Memiliki tempat hunian sendiri, baik itu rumah maupun apartemen adalah sebuah kebutuhan semua orang. Untuk memiliki rumah, salah satu cara pembeliannya bisa dilakukan melalui developer atau pengembang. Pembelian ini bisa menggunakan fasilitas KPR dari pihak bank.
Namun, sebagian orang ada yang menganggap KPR bank seperti konvensional atau syariah silit dan merepotkan, sehingga adakalanya mereka memilih menggunakan skema KPR pribadi, yaitu cicilan langsung ke pihak developer atau pengembang.
Pengamat dan ahli properti independen, Steve Sudijanto mengatakan, KPR pribadi adalah proses transaksi jual beli yang dilakukan langsung antara developer dengan konsumen tanpa melibatkan pihak lain. Proses cicilan KPR pribadi ini memiliki masa pinjaman selama 60 bulan dengan uang muka atau cicilan DP sekitar 30% hingga 40%.
SCROLL TO CONTINUE WITH CONTENT
Meski terbilang lebih mudah dan sederhana ketimbang mengajukan KPR ke Bank, namun KPR pribadi juga punya risiko tersendiri bagi konsumen.

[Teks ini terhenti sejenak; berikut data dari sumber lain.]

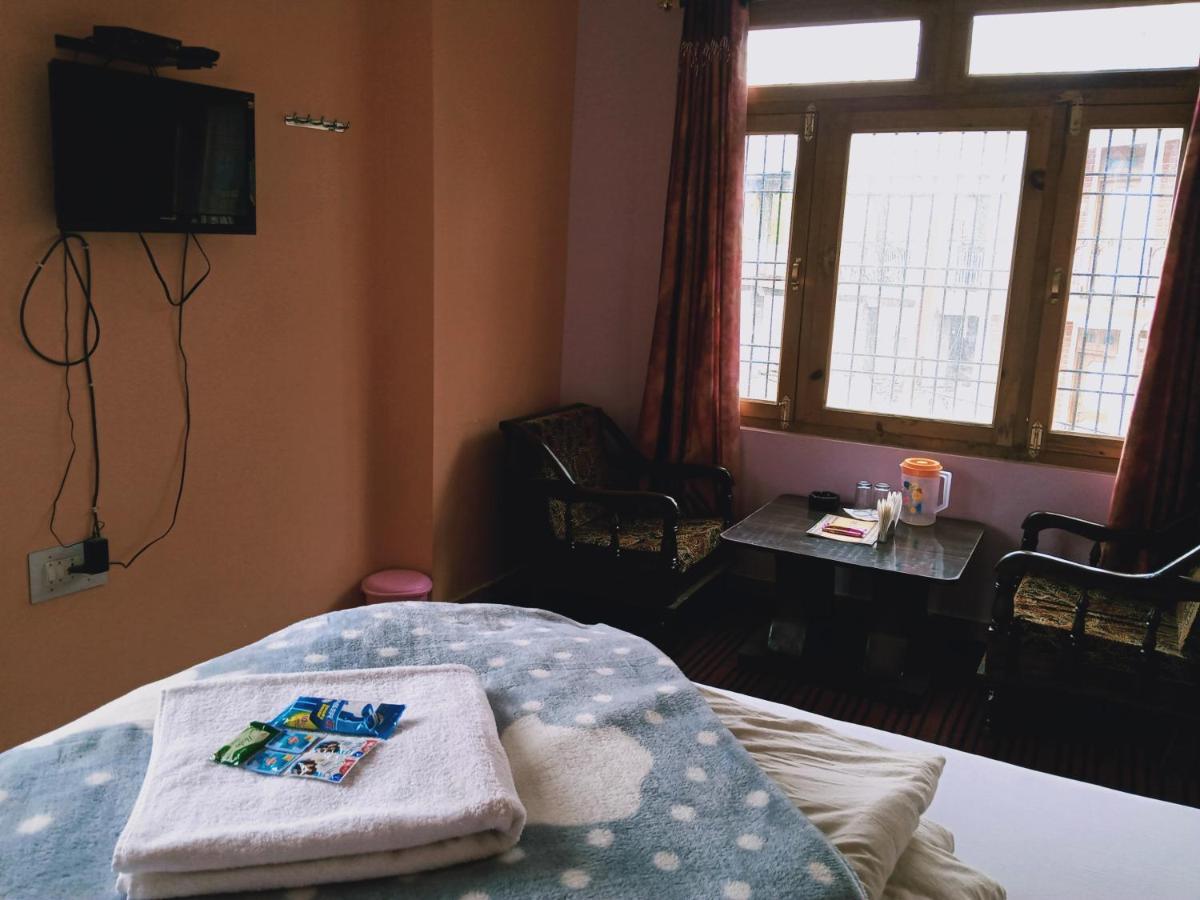 Mahima Hotel Sāngla Екстериор снимка
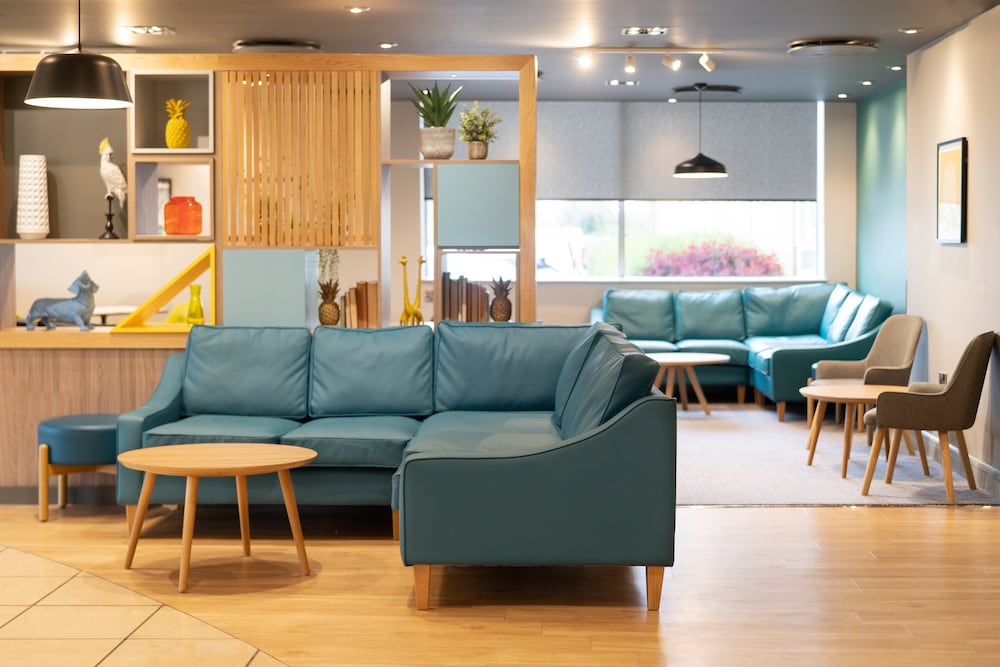Holiday Inn Southampton-Eastleigh M3, jct13 51/72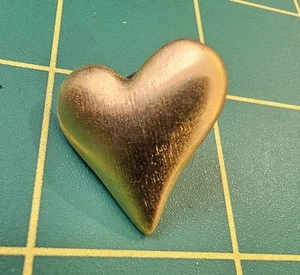 Prendedor de solapa de corazón Edouard Rambaud dorado vintage - Imagen 1 de 3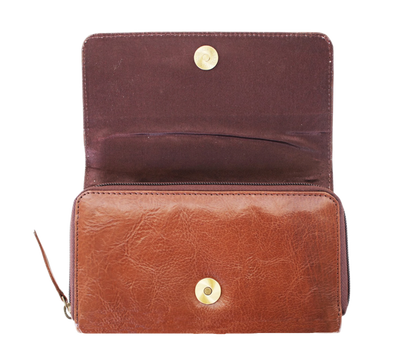 This Elegant Women’s Leather Wallet, Featuring A Unique White And Gold Cowhide Pattern, Is Perfect For Daily Use, Office Wear, Or Special Occasions. Handcrafted From Premium Genuine Leather, It Combines Durability With Timeless Luxury. Thoughtfully Designed Multiple Card Slots, Zippered Compartments, Secure Snap Closure, Keeps Essentials Safe Organized. Personalized Customized Accessory, Makes Birthday Gift, Graduation Stylish Gift Women Who Value Both Fashion Function.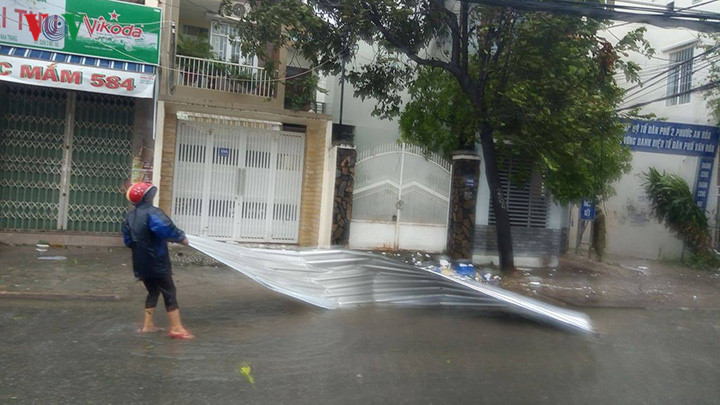 Hiện gió vẫn còn giật mạnh, hệ thống thông tin liên lạc gián đoạn, xe cộ ngừng lưu thông.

Sebelum memutuskan untuk menerapkan sistem ini, konsumen harus mempelajari produk dan kualitas pihak pengembang itu sendiri agar terhindar dari penipuan.
Sebab jenis ini tidak seperti bank yang membutuhkan proses seleksi dan verifikasi yang teliti terhadap pengembang perumahan tersebut. Selain itu, jenis KPR ini tidak ada perlindungan oleh undang-undang Perbankan.

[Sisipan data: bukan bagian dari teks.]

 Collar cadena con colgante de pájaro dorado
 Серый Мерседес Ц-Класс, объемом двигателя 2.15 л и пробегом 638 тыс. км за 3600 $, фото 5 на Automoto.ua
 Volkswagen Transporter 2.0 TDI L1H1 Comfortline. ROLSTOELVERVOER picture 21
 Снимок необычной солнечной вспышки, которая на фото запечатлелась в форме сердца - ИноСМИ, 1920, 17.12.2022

Walaupun jenis KPR ini mudah diterapkan dan tidak perlu melalui proses seleksi oleh pihak lain seperti bank, kemungkinan jika KPR pribadi yang ditawarkan oleh developer tersebut tidak kredibel maka pihak konsumen berpotensi akan merasakan kerugian yang sangat besar, misalnya tidak kunjung serah terima rumah padahal terlanjur sudah melakukan pembayaran DP yang lumayan tinggi.
"KPR pribadi atau fasilitas angsuran langsung via developer atau pengembang itu tidak dilindungi oleh UU Perbankan. Biasanya kalau developer atau pengembang tersebut wanprestasi atau ingkar janji, maka yang dirugikan adalah pihak pembeli. Karena sudah bayar DP 30% sampai dengan 40%, dan rumah yang dipesan atau dibeli tidak kunjung diserahterimakan dan bermasalah," ucap Steve langsung kepada detikcom (Senin, 11/9/2023).
Tidak semua orang yang menggunakan sistem KPR pribadi akan mengalami penipuan tetapi untuk menghindari potensi kerugian ini, tentunya pihak konsumen harus melakukan berbagai pertimbangan seperti pengecekan dan survey mengenai kredibilitas pihak pengembang tersebut.
Berbeda dengan KPR konvensional atau syariah yang sudah melalui proses hukum dan berada dalam pengawasan, sehingga konsumen akan lebih terjamin menghindari bibit-bibit penipuan.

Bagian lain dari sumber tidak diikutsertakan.